荒川和久独身研究家/コラムニスト/マーケティングディレクター
(写真:GYRO_PHOTOGRAPHY/イメージマート)

日本の皆婚はせいぜい100年の歴史でしかない

現代の日本の婚姻数の減少や高い未婚率がしばしば話題になるが、だからといって昔の日本人が皆婚だったわけではない。

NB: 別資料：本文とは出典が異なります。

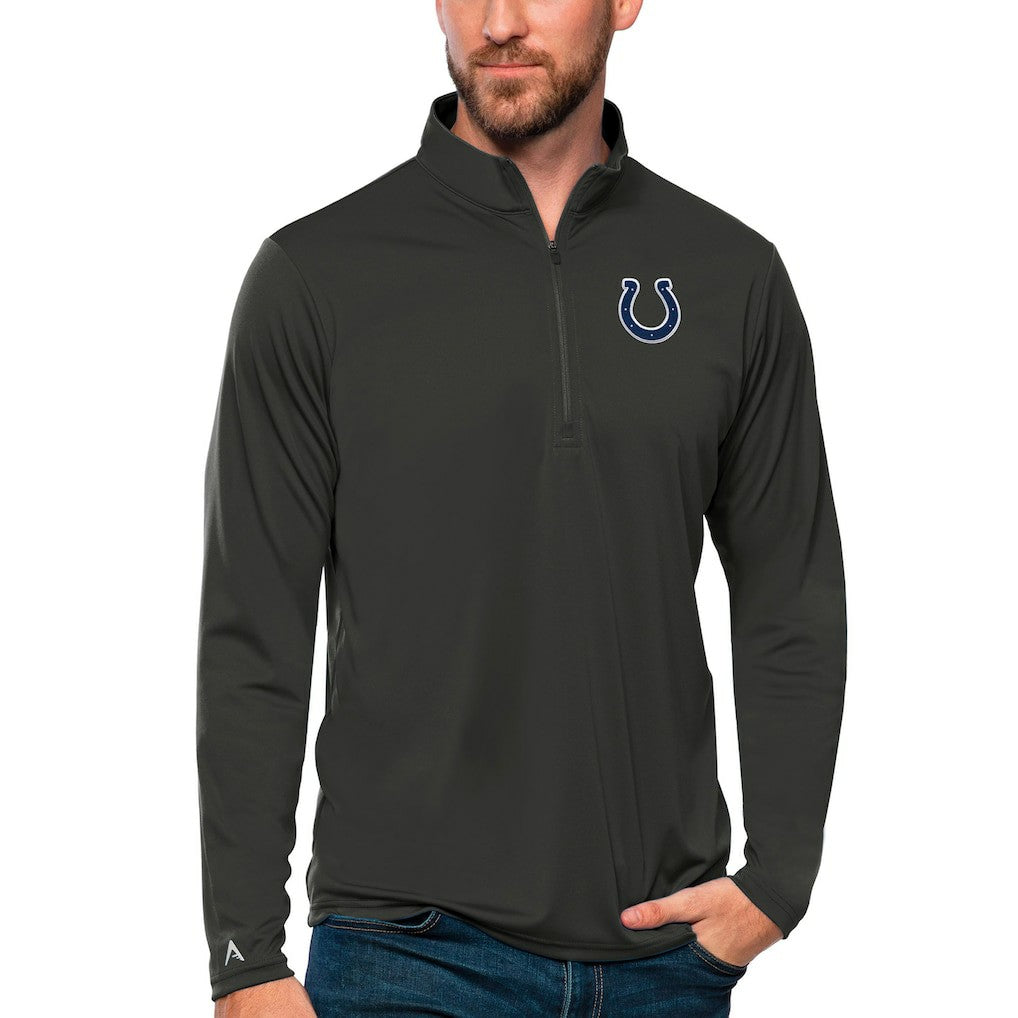 Indianapolis Colts Antigua Tribute Quarter-Zip Lightweight Pullover Top - Charcoal on sale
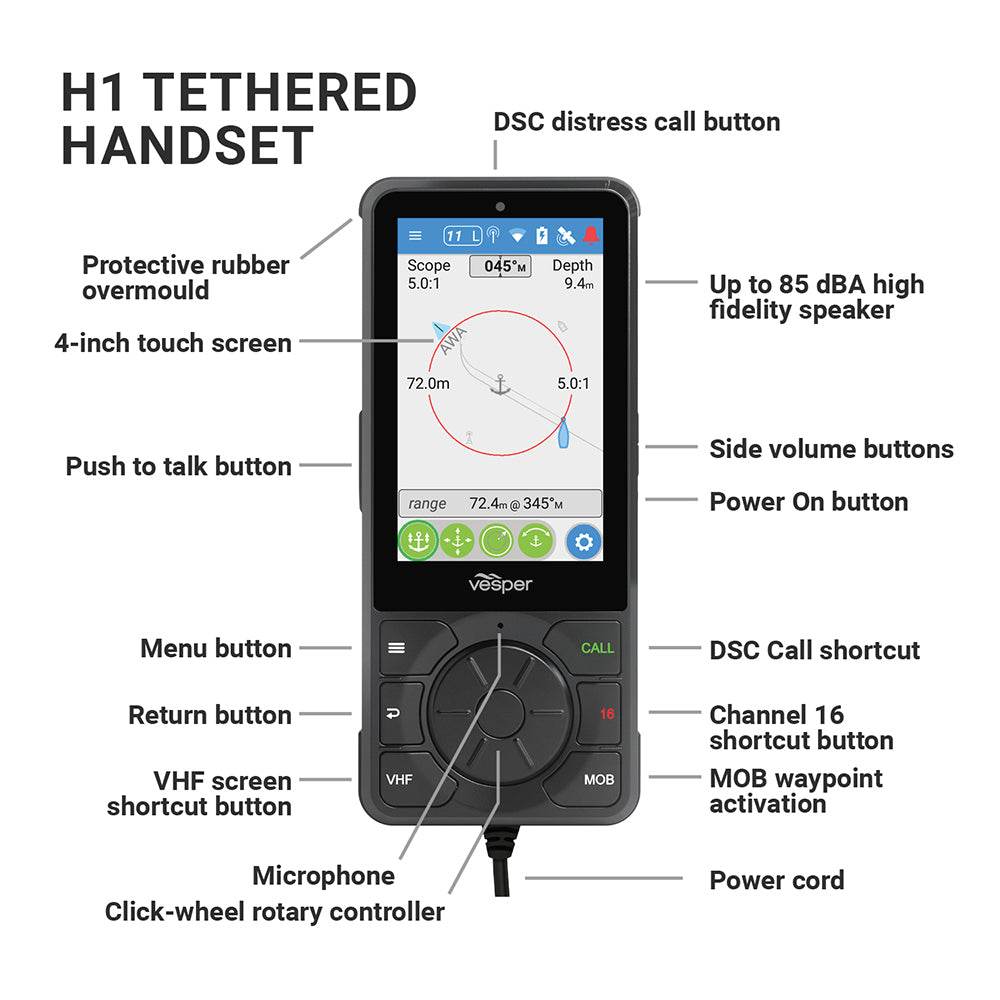 Suncoast Marine and Auto offers Vesper Cortex H1 Tethered Handset w/Non-Powered Cradle [010-02816-00]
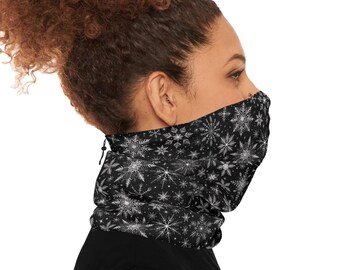 Neck Gaiter, Snowflake Pattern, Winter Apparel, Face Warmer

よく引用される国勢調査の生涯未婚率の推移では、確かに1980年代まで男女とも50歳時の未婚率は5%以下であり、95%が結婚していた皆婚社会だという解釈は間違っていない。

生涯未婚率のグラフはこちら参照

しかし、国勢調査は大正時代の1920年から始まったものだ。明治時代や江戸時代も同様だったかというと、実はそうではない。皆婚と呼ばれる状態は、実は明治民法施行後(1898年)に始まったとされ、そこから1990年くらいまでのせいぜい100年の歴史でしかないのだ。

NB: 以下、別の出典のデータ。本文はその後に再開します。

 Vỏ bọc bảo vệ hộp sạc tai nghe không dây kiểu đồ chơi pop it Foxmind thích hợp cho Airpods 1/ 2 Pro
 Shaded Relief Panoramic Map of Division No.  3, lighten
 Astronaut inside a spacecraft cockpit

→皆婚社会の終末については、「日本の結婚は30年前にはすでに詰んでいた。失われた社会的システム」参照

江戸時代の農村の未婚率

私は、歴史人口学者の鬼頭宏先生と対談させていただいたことがあるが、その際に、17世紀くらいまでは日本の農村地域でさえ未婚は多かった、と伺った。

写真:イメージマート

結婚して子孫を残すというのはどちらかいえば身分や階層の高い者に限られており、本家ではない傍系の親族や使用人などの隷属農民たちは生涯未婚で過ごした人も多かった。

たとえば、1675年の信濃国湯舟沢村の記録によれば、男の未婚率は全体で46%であるのに対して、傍系親族は62%、隷属農民は67%が未婚だった。

それが、18世紀頃から傍系親族の分家や小農民自立の現象が活発化したことで、世帯構造そのものが分裂縮小化していった。それが未婚化解消につながったひとつの要因と言われている。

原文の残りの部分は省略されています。